Ann Arbor Follies

Should students have to pay to get a newspaper they don’t want to read? I know Pinch is in trouble, but this reeks of desperation. But then, it’s been a long time, if ever, that the paper had any interest in letting the market work. And now would be a very bad time for it to advocate it, given that “letting the market work” would mean a reorganization, in which one likely outcome might be a paper that people actually want to pay to read.

7 thoughts on “Ann Arbor Follies”

  1. Should students have to pay to get a newspaper they don’t want to read?

    I can’t believe this is even in question in the post-Obamacare world. Pre-Obamacare, this, along with vegetables, was fodder for reducto ad absurdum but now nothing is too absurd.

  2. Yeah. Why should all they be forced to pay for what most of them probabaly consider to be a right-wing rag?

    But this is just the model Ralph Nader has been using to subsidize his PIRGs (so-called Public Interest Research Groups).

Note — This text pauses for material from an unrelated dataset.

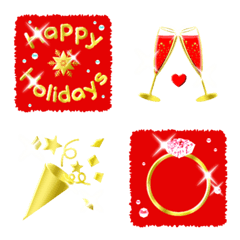 [LINE絵文字] 動く！クリスマス＆新年 キラキラ金色 絵文字の画像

    It’s just another tax the Left imposes on itself because the Left knows its believers are too cheap and selfish to tithe, and shame doesn’t work on the shameless, so all that’s left are taxes and force. Note that the writer doesn’t object to the $4 tax being imposed, just on that it’s being used for an antiquated way “to remain informed in this modern age–particularly on a campus so proud of its rampant technophilia”. An attitude which shows how pervasive and acceptable the Left’s indoctrination and redistributionist methods have become.

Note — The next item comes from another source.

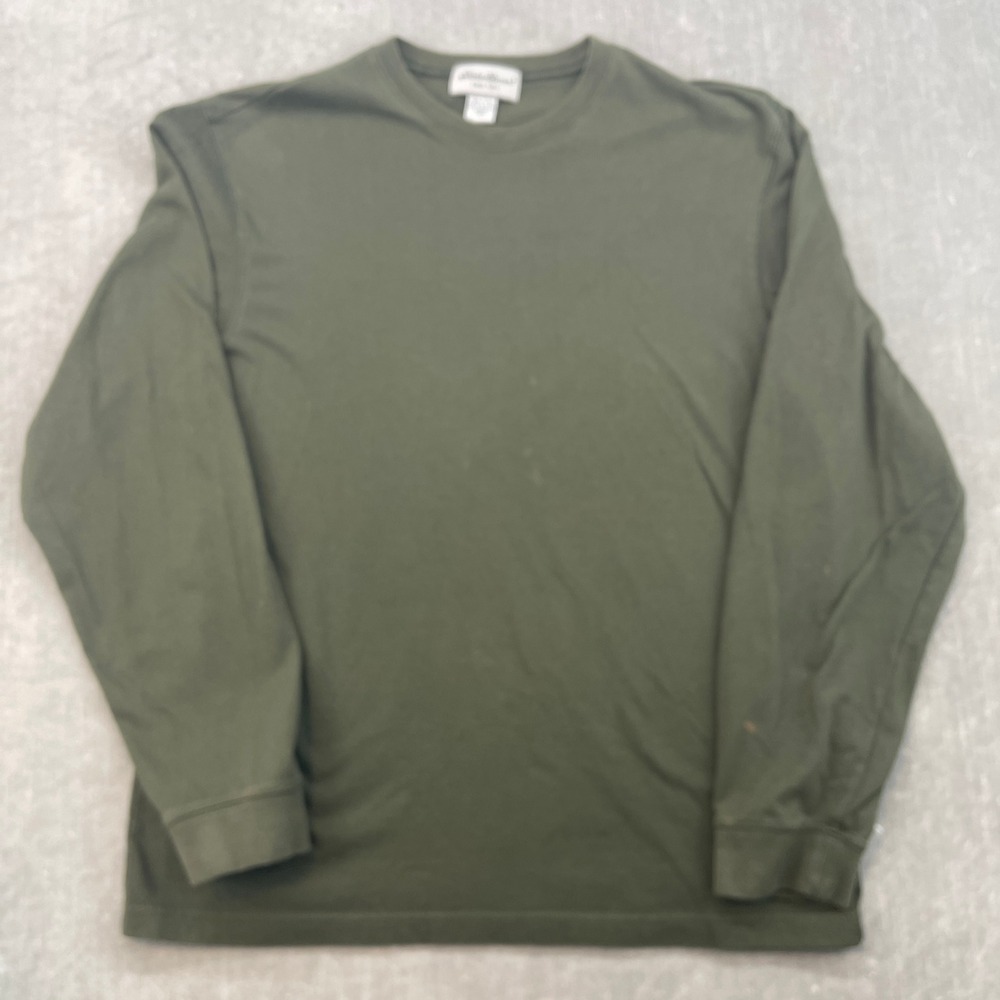 Eddie Bauer Mens Medium Green T-Shirt Long Sleeve Cotton Crewneck Basic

  3. …but if you can’t FORCE people to buy “X” product, what other possible way is there to get customers?

    Raoul,
    you beat me to the punch. He didn’t object to another $4 for something, it was that it was for a newsPAPER. Maybe they should be forced to take the online version, for $6, that seems MUCH more reasonable to me. Especially if someone else has to pay, isn’t that how the left thinks? The two extra dollars is for helping the environment. Being green SHOULD cost more. Ralph Nader has said so millions of times.

    BTW, I hate that guy, he killed my favorite car of all time. The bastard!!

    I never heard of PIRGs before, but now that I have, I’m gonna watch a guy from the left who uses the term PIRGs. It’s a little to close to PURGES for my comfort.

  4. High speed trains!

    I say this so that you know you are in the presence of greatness. Not me, I am speaking of the President and especially the Vice President who likes trains. You know that trains are something you ought to have.

  5. Paul,
    are you buying or selling high speed rail? Or do we all just give $4 a year so it CAN exist? Or $40? Or $400? Or $4000.

    Or is this another sign it so we can see what’s in it proposal? Personally, if it would STOP high speed rail, all talk of high speed rail, and put the last nail in it’s coffin.

    I’d go for $40 a year.

  6. I was a UMich student when they started supplying the NYT and USAToday. Most of my friends were surprised we weren’t being charged for what amounted to (for most of us) unrequested paper-airplane material, when there were already a half-dozen schlocky campus rags hardly anyone read to fill that need – and those didn’t pay their writers to vent their spleens on the pages.

    On the other hand, at least with the Times and USAT you could count on computer reviews to be featured in “tech” sections, instead of (and I only wish I was joking, here) the “Daily Arts” pages.

  7. My guess is that some people wanted to get the NYT but didn’t want to pay full price, so they pushed to force everyone to subsidize their newspaper consumption. Kind of like how the NEA subsidizes entertainment in the Washington DC area because that’s such an impoverished part of the country.